Let’s put all hands on deck to end streetism

Accra, Oct. 29, GNA — Mrs Cecelia Dapaah, Caretaker Minister of Gender, Children and Social Protection, has called on all stakeholders to collaborate and work on ending streetism in the country.

She said there was the need for collective effort from stakeholders to find sustainable solutions to the issues of streetism.

Mrs Dapaah made the call at a stakeholders’ consultation and validation workshop organised by the Ministry of Gender, Children and Social Protection (MoGCSP), on street connected children to strategise on how to get them off the streets.

Streetism is a broad term used to encompass the desperate situation of people who are forced to spend most of their time outside their homes, engaging in menial income generating activities in order to survive, and often having to sleep on the streets.

She said it was necessary to find solutions that would be relevant to the country’s socio cultural setting while involving some parents on the streets with their children in finding solutions to the problem.
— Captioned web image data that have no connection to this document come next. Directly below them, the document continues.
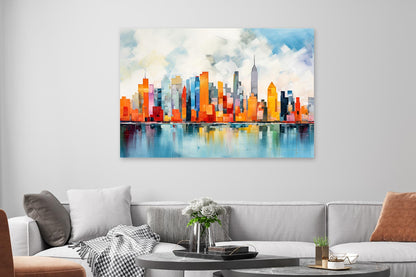 Abstrakte Manhattan Skyline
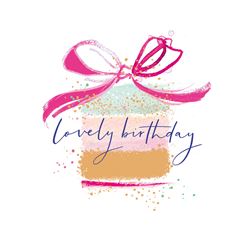 Lovely Cake Birthday Card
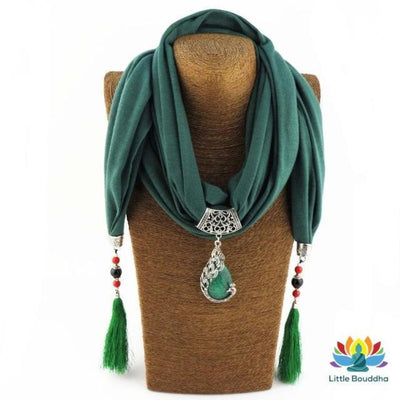 Écharpe Pendentif Une pierre de cou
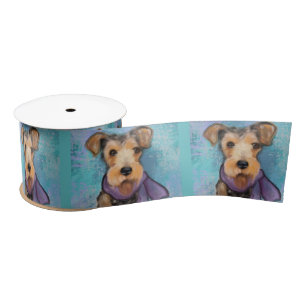 Airedale Terrier Satin Ribbon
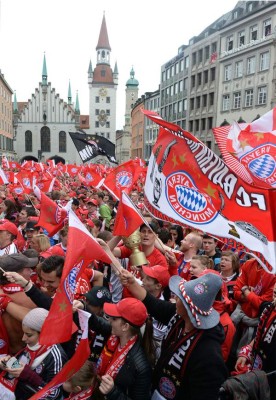 Bayern Múnich celebra título de Bundesliga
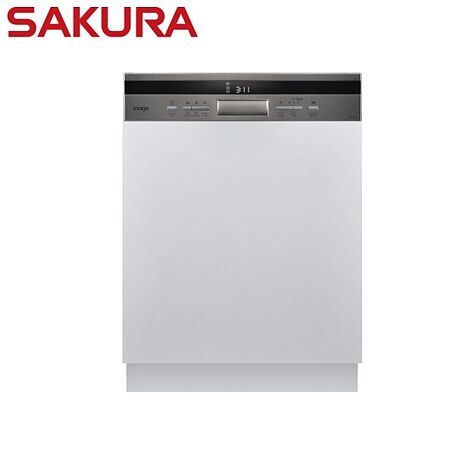 (福利品) SAKURA 櫻花 半嵌式洗碗機 MW7709 - 含基本安裝無舊機回收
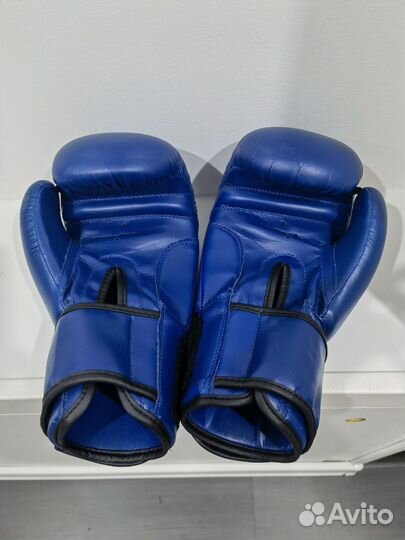 Перчатки боксерские Cliff Infinity PVC синие 14 oz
“I’ll be doing that next week with a team to go to the field and find out, and also we should also be sure of the sensitivity of the cultural and religious aspects of these things, I’m happy that the rep of the chief Imam is here.We are blessed with a chief imam who is the repository of wisdom and warmth and we will be happy to work with him also to find solutions to this nagging problem,” she said.

The Caretaker Minister expressed worry on the existing problem of streetism which had become worse, in spite of the numerous attempts in the past to address it.

She said, the MoGCSP through the Department of Social Welfare (DSW) in 2017, had identified 4853 Street peasants including children, a total of 4165 were eligible to get formal education, but less than 200 had reunited with their families and had been in school in May 2021.

The national security, Mrs Dapaah said, through a monitoring exercise had also identified hotspots of children and families totaling about 2000 on the streets of Accra and Kumasi, who had been mostly foreign nationals.

She stated that findings in a report by the DSW in 2014 on street children in the Greater Accra region, estimated that about 61,492 children were growing up on the streets of Accra as of 2011, 66 per cent migrant children, and 18 per cent urban dwellers.

She said the menace could be attributed to poverty, peer pressure, false perception of city life unreasonable parenting and the shirking of parents or guardians’ responsibilities.

She expressed worry that the children were not in school and the parents had not been bothered to enroll them in school by taking advantage of the free senior high school that the Government had introduced.

Mr Mohammed Rafiq Khan, Chief Child Protection, United Nations Children’s Fund (UNICEF), said Children in street situations had been amongst the most marginalized children who experienced severe violations of their rights before and during their time on the streets.

He said they had been faced with multiple deprivations including lack of access to basic services, violence, abuse, neglect and exploitation, as well as vulnerabilities to alcohol and substance abuse which exacerbated when children migrated, either internally or across borders.

Mr Khan said, it was essential that all responses to address the needs of children in street situations would be firmly placed within a child rights-based approach in accordance with Committee on the Rights of The Child General Comment No.21 on Children in Street Situations (2017).

He said the five action areas to accelerate results for children including enhancing social protection, end poverty and prevent family-child protection, strengthening child protection policies, programmes and services would transform and accelerate sustainable solutions to the world’s biggest challenges.